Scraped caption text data
··········
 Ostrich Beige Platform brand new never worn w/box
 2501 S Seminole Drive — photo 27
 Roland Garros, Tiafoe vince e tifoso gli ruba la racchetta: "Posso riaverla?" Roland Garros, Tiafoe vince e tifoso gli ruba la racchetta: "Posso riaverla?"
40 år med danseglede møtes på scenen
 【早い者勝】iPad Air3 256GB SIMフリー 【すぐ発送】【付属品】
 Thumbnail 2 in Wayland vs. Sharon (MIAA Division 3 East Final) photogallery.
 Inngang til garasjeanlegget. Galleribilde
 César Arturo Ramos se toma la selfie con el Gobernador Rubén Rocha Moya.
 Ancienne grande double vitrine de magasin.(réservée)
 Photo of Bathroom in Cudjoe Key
··········
DESCRIPTION OF THE TASK: Write the lines out verbatim, from the one with "40 år med danseglede møtes på scenen" through the last line of the entries, and stop there.

OUTPUT FOR THIS EXERCISE:
40 år med danseglede møtes på scenen
 【早い者勝】iPad Air3 256GB SIMフリー 【すぐ発送】【付属品】
 Thumbnail 2 in Wayland vs. Sharon (MIAA Division 3 East Final) photogallery.
 Inngang til garasjeanlegget. Galleribilde
 César Arturo Ramos se toma la selfie con el Gobernador Rubén Rocha Moya.
 Ancienne grande double vitrine de magasin.(réservée)
 Photo of Bathroom in Cudjoe Key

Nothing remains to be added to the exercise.